Last month, Twitter locked down Trump’s account again after he shared the email address of a New York Post columnist. The social network told Business Insider the tweet violated its policy that bans posting “other people’s private information without their express authorization and permission.”

Turns out, a lot of conservatives don’t like their social media censoring what people can post.

Who gets to decide who is a conservative?
Facebook, bias and the battle over conservative and liberal content on social media

Morning Consult survey found 60% of Republican voters believed social media companies prevent the spread of conservative content. And on Tuesday in a Senate Judiciary Committee hearing, Utah Sen. Mike Lee said Facebook and Twitter has been biased against conservatives and Republicans during the 2020 election.

Mind you, analysis from PoliticoMedia Matters and others challenge that narrative. But a quick look at my social media feeds in the last few weeks is evidence that hardcore conservatives are heading elsewhere, convinced the major social networks are biased.

Several people I follow on Instagram and Facebook started posting a red ‘P’ icon with an invitation to join them on a new social media network. 

Parler encourages users to speak freely “without fear of being ‘deplatformed’ for your views.” The Nevada-based company is two years old and its app store downloads are skyrocketing. Cnet reported that from Nov. 3 to Nov. 9, Parler was downloaded more than 2 million times in the U.S., with NPR reporting that the platform has hit 10 million members.

The app works like Twitter, with social feeds and users posting content with a 1,000-character limit.
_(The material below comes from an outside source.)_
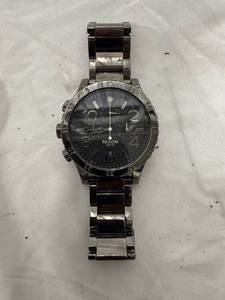 lot 0718 image: Nixon Chronograph Watch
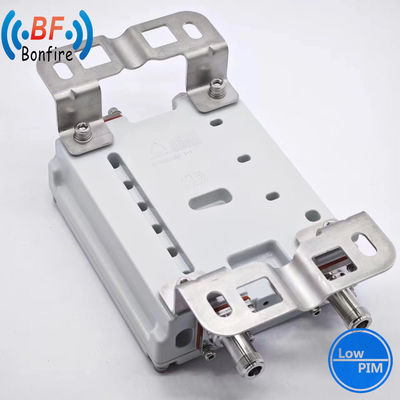 HLQ-XXXXX Quad Band Low Pim RF Combiner1710-2170MHz 2300-2690MHz Κόκκινο Μαύρο Προσαρμοσμένο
You can follow people and then comment on their posts, “echo” them to share and “vote” them up if you like the what you see. 

I found a lot of verified accounts for Fox News hosts, Republican Sen. Ted Cruz and one for the Trump campaign, but oddly no verified account for the president himself. He has nearly 90 million followers on Twitter and has been tweeting over 800 times per month, according to Statista.

But while Parler says it believes people are entitled to freedom of expression, it doesn’t mean you can post whatever you want, either. The company’s Community Guidelines say removing content or members’ accounts will be kept to a minimum but relies on its users to report any violations. Reportable offenses include pornography, threats of violence and illegal activities, among other things. Parler does not utilize fact-checkers or label content as misleading or false.

Parler CEO John Matze recently told news outlet Cheddar, “We believe in people and their ability to solve these things on their own.”

Parler will resonate with those who don’t appreciate the fact-checking that Facebook, Instagram and Twitter are providing. But for now, understand that left-leaning voices and opinions are few and far between on the app. You may be jumping from a social network you believe to be too censored into a conservative echo chamber.